Instruction for the entries below: return the part that opens with the line containing "Space earth and" and closes with the line containing "Vibrant Maximalist Pink", exactly, and no pictures.

[MATERIAL PROVIDED]

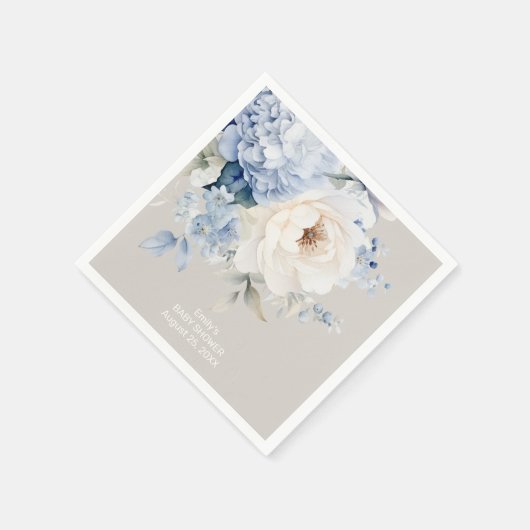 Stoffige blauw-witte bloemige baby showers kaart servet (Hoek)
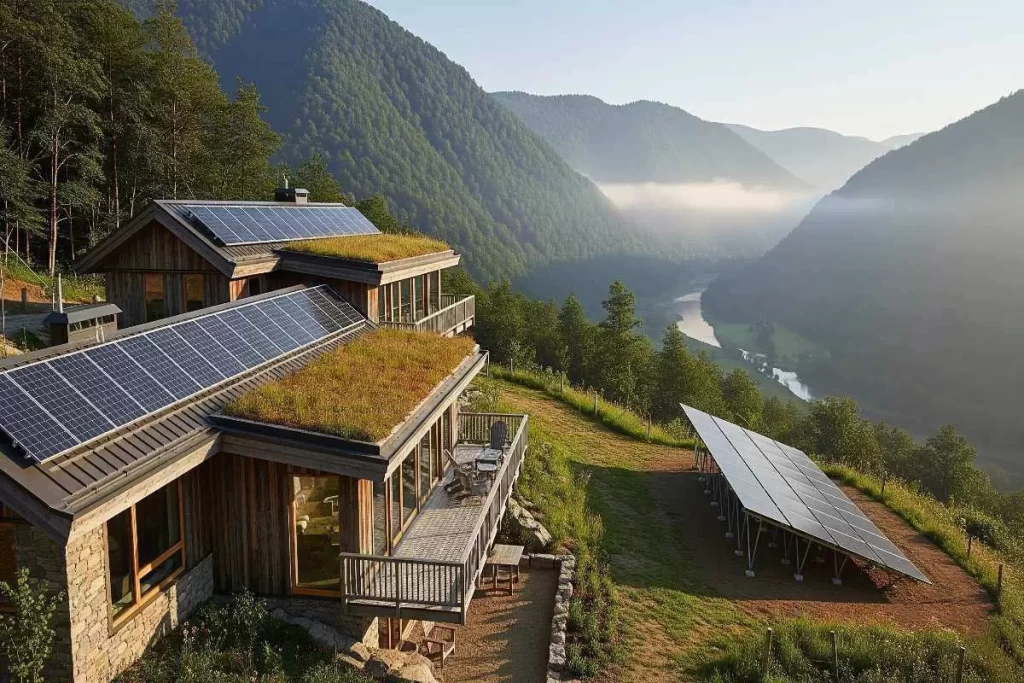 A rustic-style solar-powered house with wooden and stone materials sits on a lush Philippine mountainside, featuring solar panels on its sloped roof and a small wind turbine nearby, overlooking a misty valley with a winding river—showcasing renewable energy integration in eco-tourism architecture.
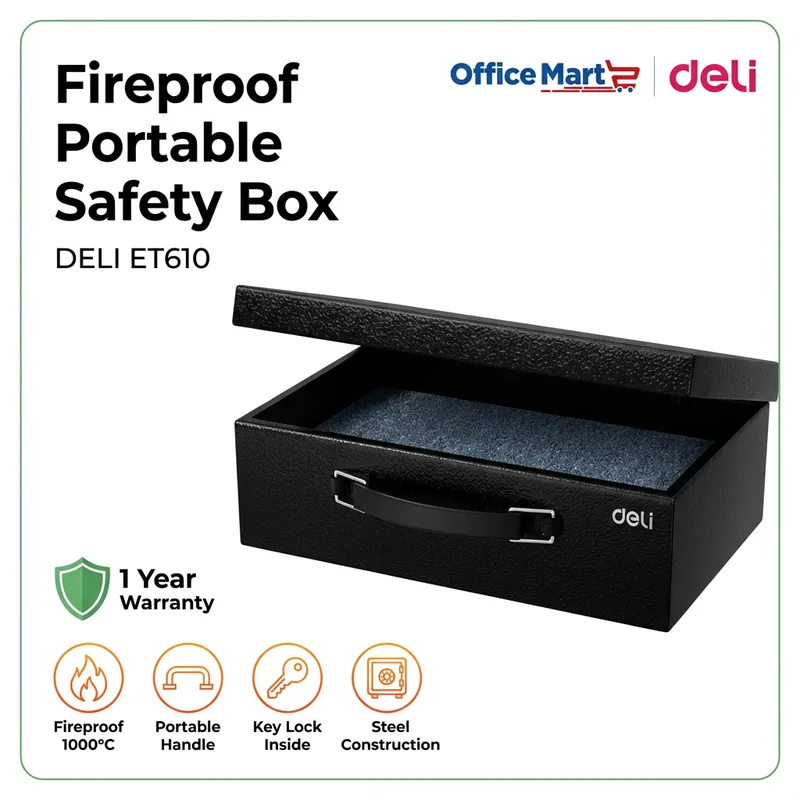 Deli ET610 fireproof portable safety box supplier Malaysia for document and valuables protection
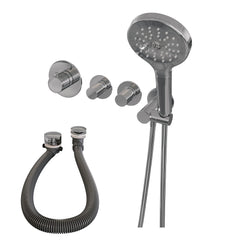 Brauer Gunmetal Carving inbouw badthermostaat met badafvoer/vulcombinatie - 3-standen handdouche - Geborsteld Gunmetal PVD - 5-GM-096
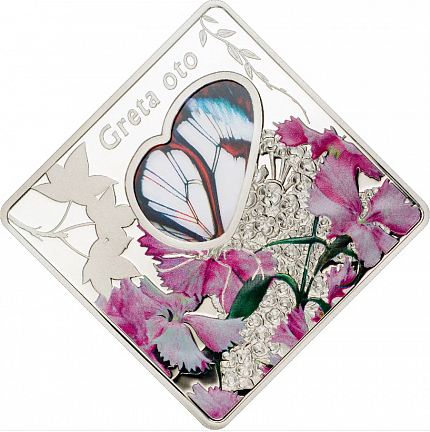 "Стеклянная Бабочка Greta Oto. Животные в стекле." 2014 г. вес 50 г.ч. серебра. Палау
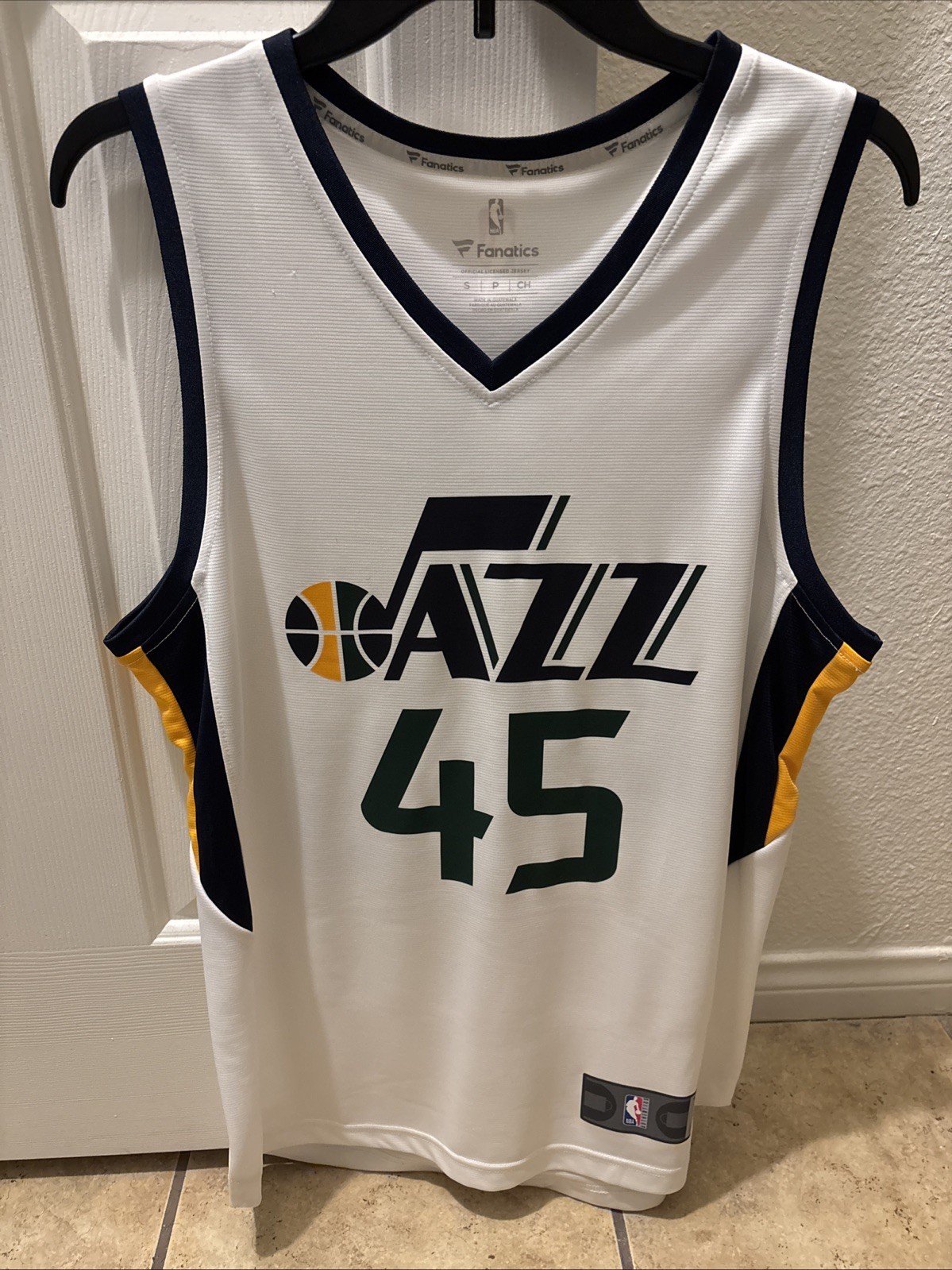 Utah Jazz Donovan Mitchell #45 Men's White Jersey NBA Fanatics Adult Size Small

[/MATERIAL PROVIDED]
[MATERIAL PROVIDED]

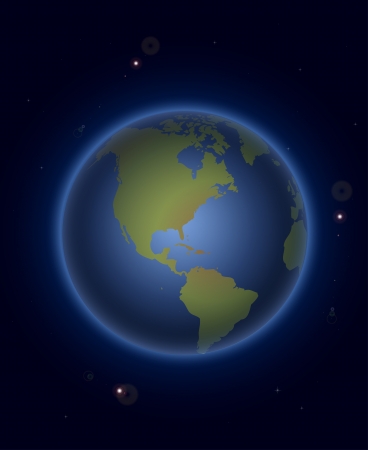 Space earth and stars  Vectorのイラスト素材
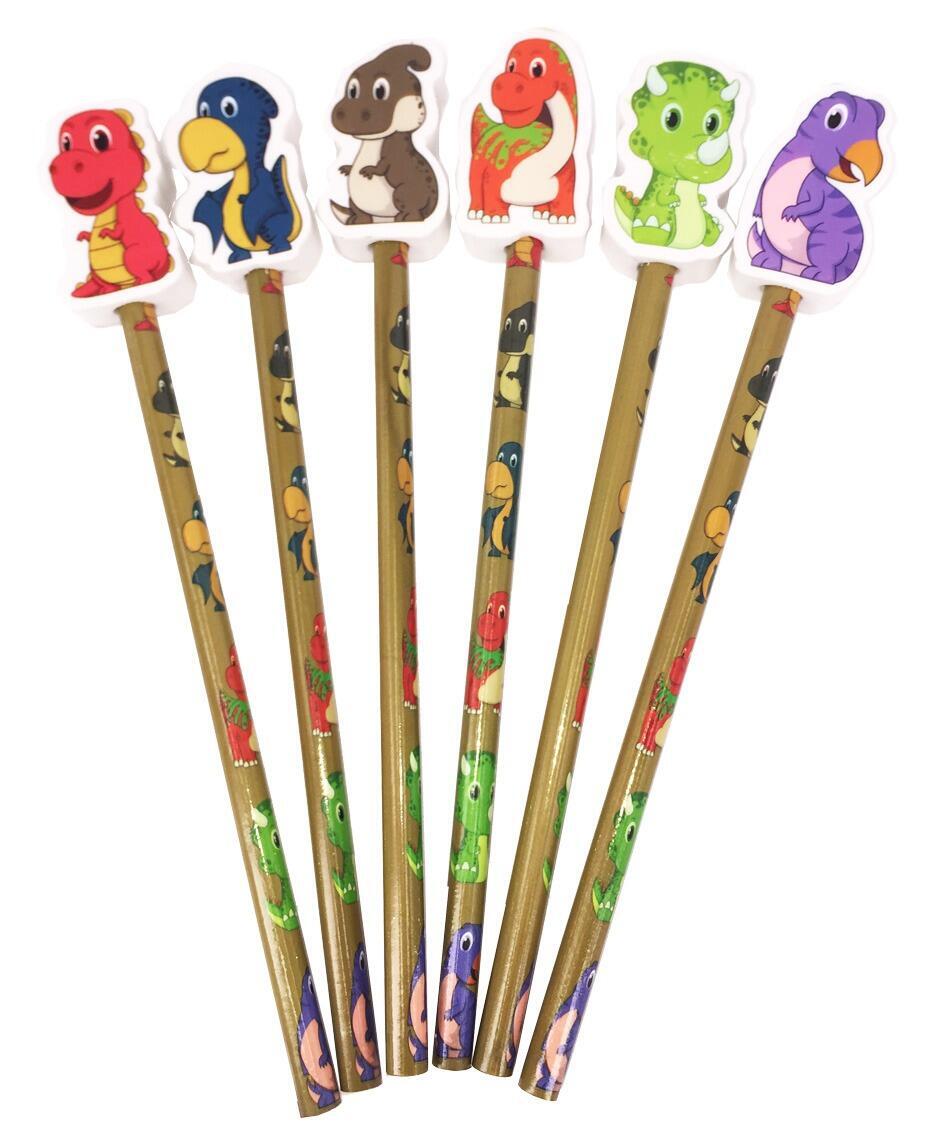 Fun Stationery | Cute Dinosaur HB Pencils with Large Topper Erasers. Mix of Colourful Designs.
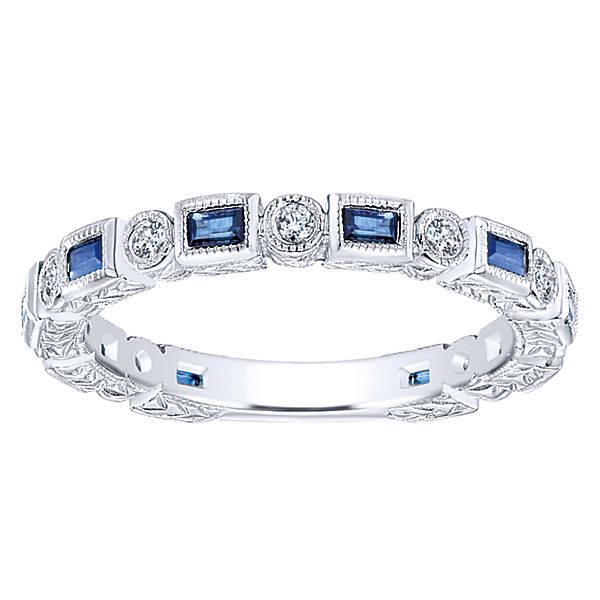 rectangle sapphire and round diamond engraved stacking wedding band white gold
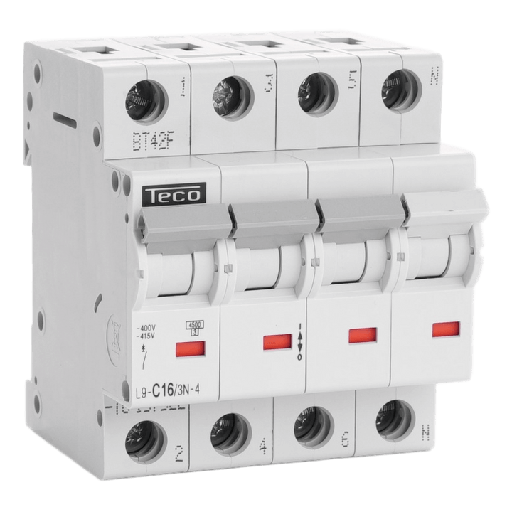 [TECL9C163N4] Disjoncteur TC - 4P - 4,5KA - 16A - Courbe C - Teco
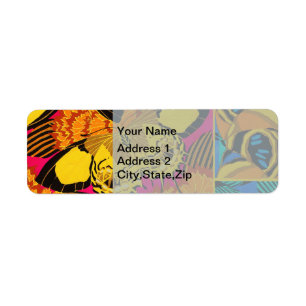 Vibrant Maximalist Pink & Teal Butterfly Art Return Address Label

[/MATERIAL PROVIDED]

## YOUR SOLUTION:
 Space earth and stars  Vectorのイラスト素材
 Fun Stationery | Cute Dinosaur HB Pencils with Large Topper Erasers. Mix of Colourful Designs.
 rectangle sapphire and round diamond engraved stacking wedding band white gold
 [TECL9C163N4] Disjoncteur TC - 4P - 4,5KA - 16A - Courbe C - Teco
 Vibrant Maximalist Pink & Teal Butterfly Art Return Address Label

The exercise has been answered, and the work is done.